EXERCISE PROMPT:
Would you repeat every entry below word for word but drop the images?

DATA PROVIDED:
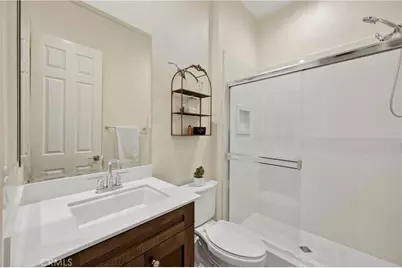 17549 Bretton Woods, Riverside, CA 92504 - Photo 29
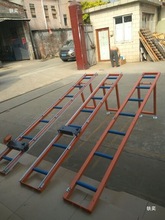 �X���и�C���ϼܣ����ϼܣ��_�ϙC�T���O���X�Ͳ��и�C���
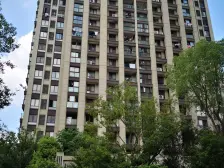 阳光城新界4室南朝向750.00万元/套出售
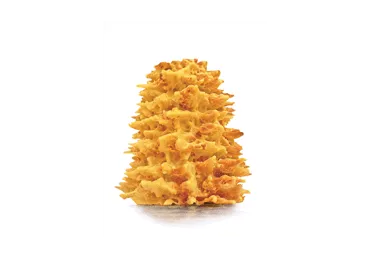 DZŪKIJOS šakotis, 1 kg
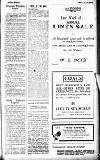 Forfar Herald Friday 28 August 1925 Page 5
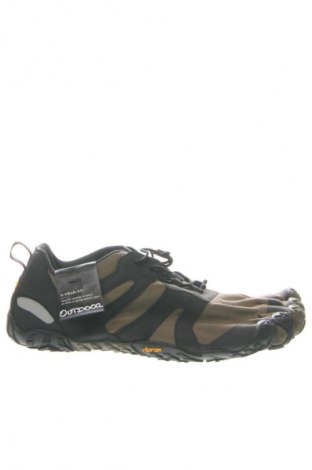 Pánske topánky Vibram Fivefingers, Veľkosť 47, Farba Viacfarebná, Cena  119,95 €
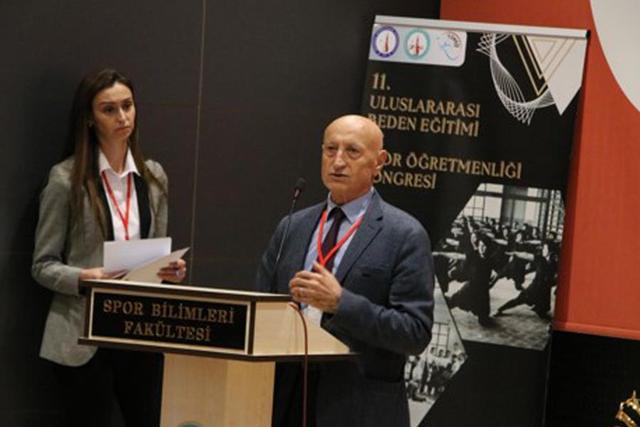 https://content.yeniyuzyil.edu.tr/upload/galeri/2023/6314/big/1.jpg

RESPONSE TO THIS TASK:
 17549 Bretton Woods, Riverside, CA 92504 - Photo 29
 �X���и�C���ϼܣ����ϼܣ��_�ϙC�T���O���X�Ͳ��и�C���
 阳光城新界4室南朝向750.00万元/套出售
 DZŪKIJOS šakotis, 1 kg
 Forfar Herald Friday 28 August 1925 Page 5
 Pánske topánky Vibram Fivefingers, Veľkosť 47, Farba Viacfarebná, Cena  119,95 €
 https://content.yeniyuzyil.edu.tr/upload/galeri/2023/6314/big/1.jpg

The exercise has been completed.